Ever wonder what’s inside a black hole, or how bright pulsars can get? NASA, in collaboration with the Italian Space Agency, hopes to find answers with its new X-ray telescope.
The Imaging X-ray Polarimetry Explorer (IXPE) mission launched today on a SpaceX Falcon 9 rocket from Florida’s Kennedy Space Center in Florida.
This marks NASA’s first mission dedicated to measuring the polarization of X-rays from the most extreme and mysterious objects in the universe: supernova remnants, supermassive black holes, and dozens of other high-energy objects.

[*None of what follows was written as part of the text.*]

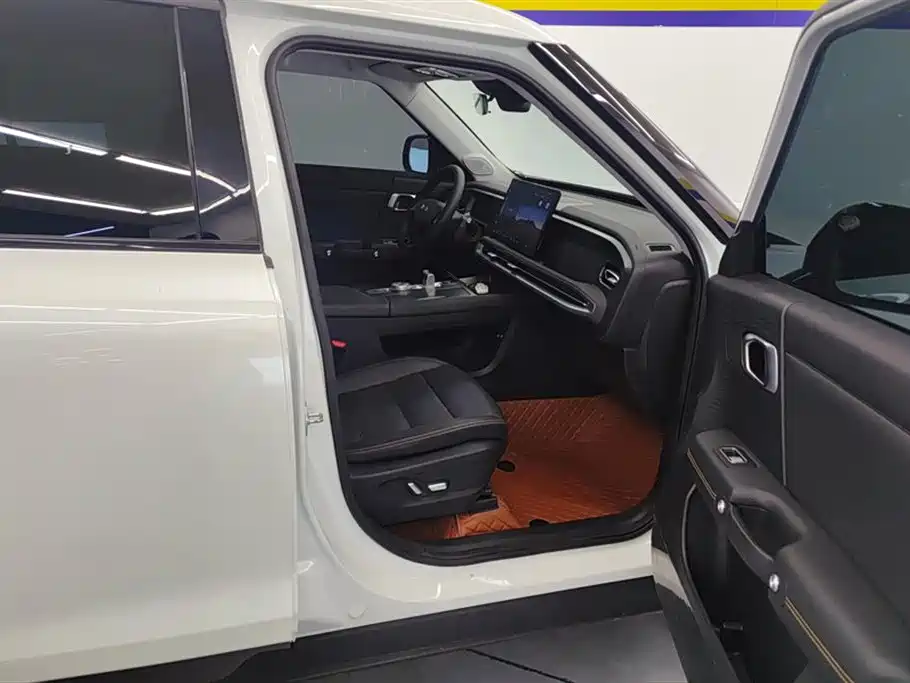 BAIC ORV Beijing Off-Road BJ30 2024 1.5T Magic Core E-Drive Standard Edition фото 8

“IXPE represents another extraordinary first,” Thomas Zurbuchen, associate administrator for the Science Mission Directorate at NASA, said in a statement. “IXPE is going to show us the violent universe around us—such as exploding stars and the black holes at the center of galaxies—in ways we’ve never been able to see it.”

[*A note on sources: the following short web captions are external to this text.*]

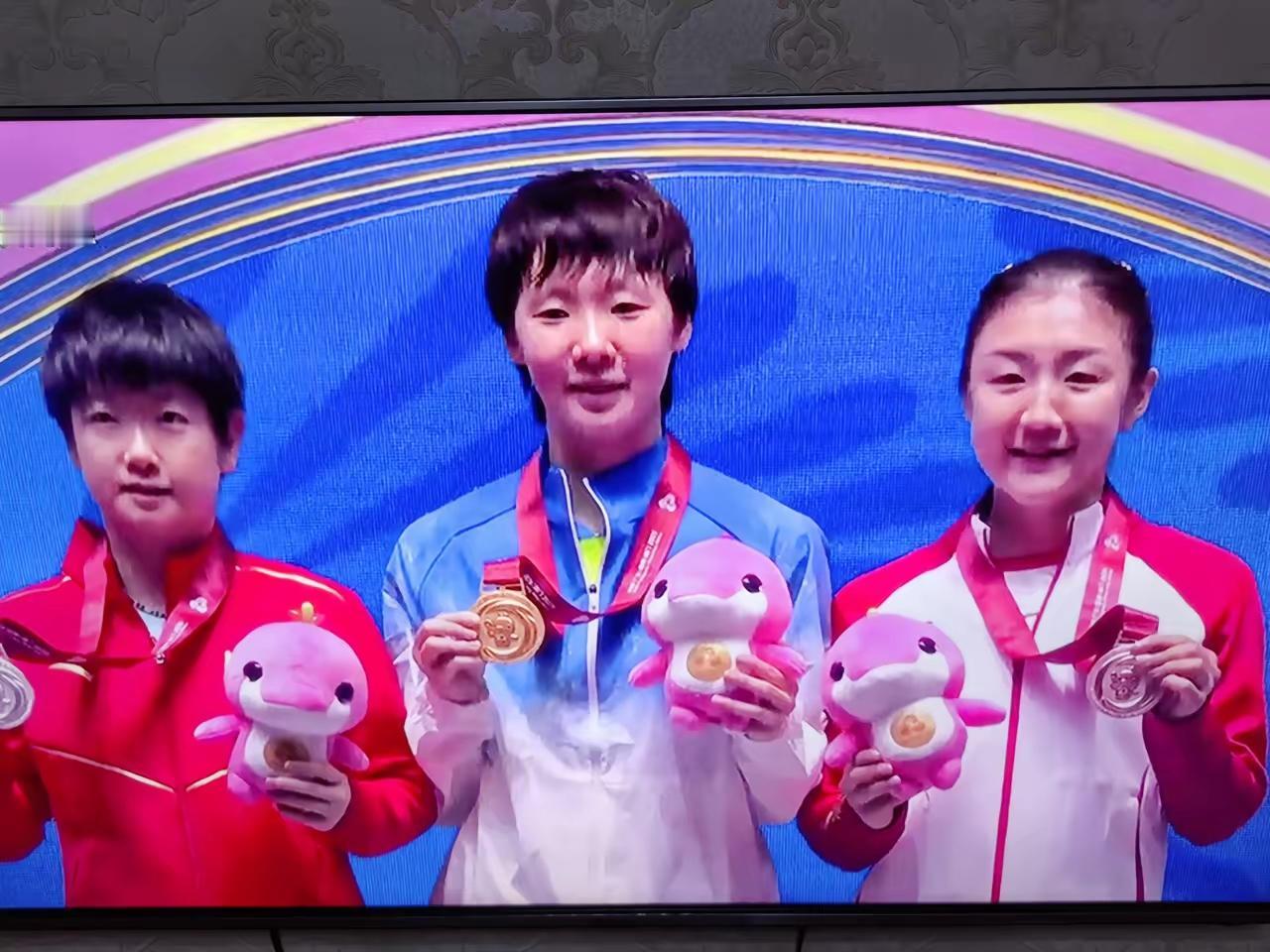 喜欢你
没有道理
不管你站在哪里
是不是冠军都没关系
因为
你站在哪里
我的心就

Following a successful launch and spacecraft separation, the telescope entered into orbit early this morning, circling Earth’s equator at an altitude of approximately 372 miles. Mission operators received the first spacecraft telemetry data less than an hour after take off.
“This is just the beginning for IXPE,” according to principal investigator Martin Weisskopf of NASA’s Marshall Space Flight Center. “We have much work ahead. But tonight, we celebrate!” Weisskopf, who has conducted experiments in X-ray astronomy since the 1970s, came up with the idea for the Imagine X-ray Polarimetry Explorer.
The spacecraft carries three state-of-the-art telescopes with special polarization-sensitive detectors that track and measure four properties of light: direction, arrival time, energy, and polarization. Data about incoming X-rays is combined to create an image that scientists hope will refine their theories about celestial environments and the objects inside them.
This mission, according to NASA, builds on and compliments discoveries of other telescopes, including the agency’s flagship Chandra X-ray Observatory. First light operations are scheduled to begin in January.